Could we eradicate or avoid contracting multiple sclerosis (MS)? This major question is the one raised by Professor Jean Pelletier, neurologist at La Timone University Hospital in Marseille and president of the medical-scientific committee of the ARSEP foundation (foundation for aid in research on multiple sclerosis) at the occasion of World MS Day, May 30. Interview.
Eradicate multiple sclerosis, really?
We are still far from it, but the most recent discoveries indeed imply that we might act to avoid contracting it. This is the first time we’ve talked regarding prevention!
How might we prevent?
Several studies now confirm that it is not possible to trigger MS if you have not encountered the Epstein-Barr virus (EBV). Please note, 90% of the French population has encountered this virus and not everyone will have multiple sclerosis: among the 68 million French people, 120000 have MS.
EBV is clearly not the cause of the disease, but it is an essential condition for its development. It is also incriminated in the same way in other autoimmune diseases. This implies that we might perhaps act to avoid contracting this virus, by developing a vaccine once morest the Esptein-Barr virus. Thus protected, first you shouldn’t be able to trigger MS.

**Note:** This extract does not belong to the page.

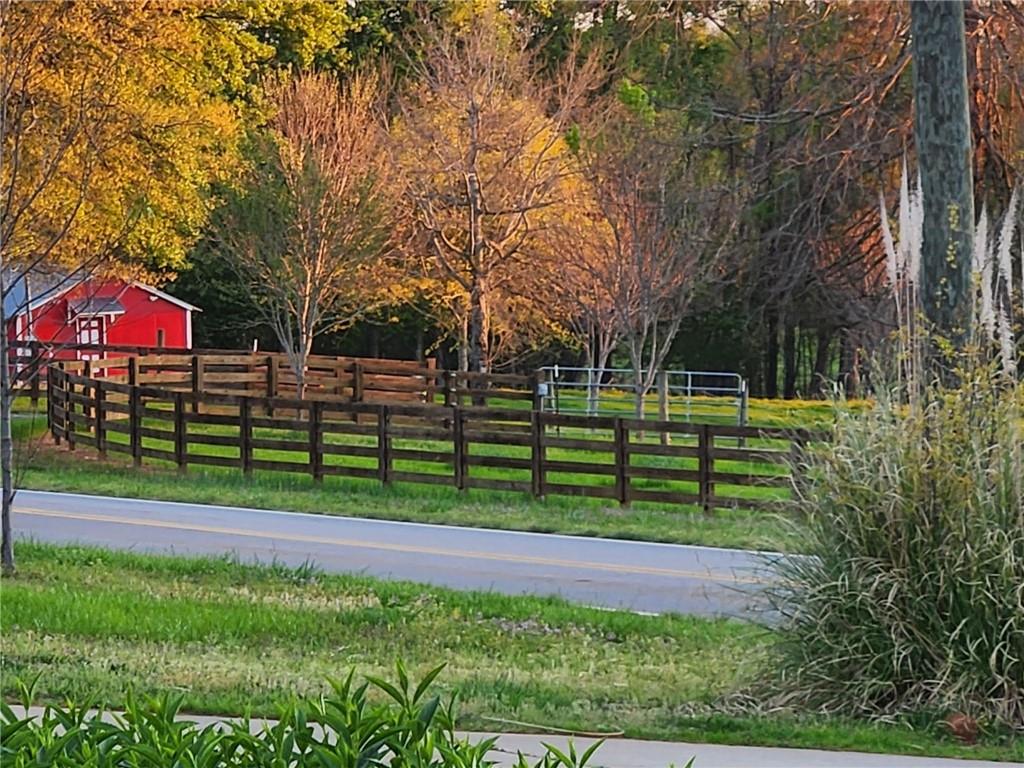 1689 Old State Road Pendergrass, GA 30567 - Photo 56 of 58 a view of a park with large trees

Has research begun to find this vaccine?
Several companies have embarked on the adventure, including the Moderna laboratory, which has the most advanced position with an RNA vaccine. But it’s complicated for two reasons. First, if it is an RNA vaccine, given the experience we have with Covid, this vaccine would have to have a much longer duration of effectiveness to avoid non-stop reminders. And the second question that goes with it is when should you vaccinate for a child to avoid contracting EBV?
Has progress been made on these issues?
Current studies highlight two important points. The first is that the risk of triggering MS is higher if you have developed infectious mononucleosis, a disease also linked to EBV.

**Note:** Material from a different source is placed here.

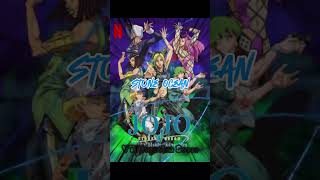 Ranking All JoJo Parts anime jojosbizzareadventure jjba [upl. by Heloise]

The second relates to the fact that mononucleosis is rather a benign disease that is encountered in adolescence. The simplest way to avoid MS would therefore be to find a long-lasting vaccine once morest EBV, which makes it possible to vaccinate children very early to protect them definitively, as with the vaccine once morest tetanus. The other option would be to vaccinate in middle childhood to protect adolescents who will contract the virus from developing mononucleosis and thus reduce the risk of developing MS.
We’re not there yet, but it’s still the first time we’ve talked regarding avoiding the disease.

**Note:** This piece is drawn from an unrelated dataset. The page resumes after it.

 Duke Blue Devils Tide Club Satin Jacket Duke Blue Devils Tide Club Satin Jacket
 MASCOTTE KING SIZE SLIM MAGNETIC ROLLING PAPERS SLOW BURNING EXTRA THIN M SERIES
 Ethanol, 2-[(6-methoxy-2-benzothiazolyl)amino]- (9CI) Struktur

Could we also act on the virus inside the body?
This virus, when we contract it, stays in our body for our whole life, and not just anywhere: it lodges in a class of cells, the B lymphocytes, which are certainly involved in MS and other autonomic diseases. immune. Among the treatments that are very effective in preventing flare-ups, there is a class of drugs, the anti-CD20, which acts very specifically on the B lymphocytes. This is a lead.
Another avenue is to ask whether the virus, once installed in the B lymphocytes, does not participate directly in the evolution of the disease? Could it cause the breakouts? If we showed that this is the case, we might try to act directly on EBV inside the body with antiviral treatments that would target it and prevent its reactivation in B lymphocytes. There is ongoing research to develop this type of antiviral which we do not yet have.